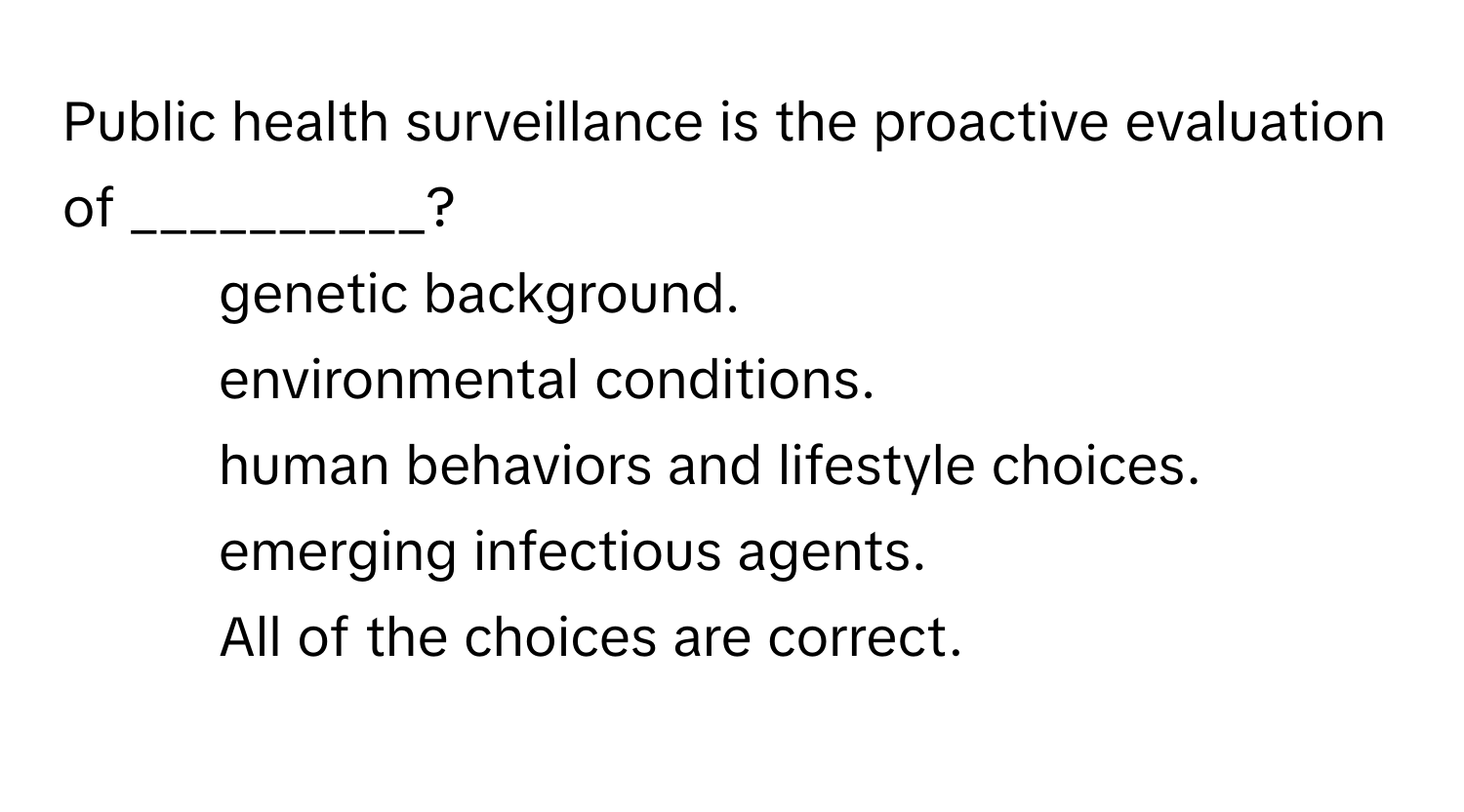 Public health surveillance is the proactive evaluation of __________?

1) genetic background. 
2) environmental conditions. 
3) human behaviors and lifestyle choices. 
4) emerging infectious agents. 
5) All of the choices are correct.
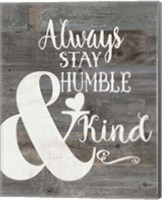 Rustic Humble & Kind Fine Art Print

= ACTIVITY =
Retype each line above exactly. Leave the images out.

= WRITTEN ANSWER =
 Public health surveillance is the proactive evaluation of __________?

1) genetic background. 
2) environmental conditions. 
3) human behaviors and lifestyle choices. 
4) emerging infectious agents. 
5) All of the choices are correct.
 Rustic Humble & Kind Fine Art Print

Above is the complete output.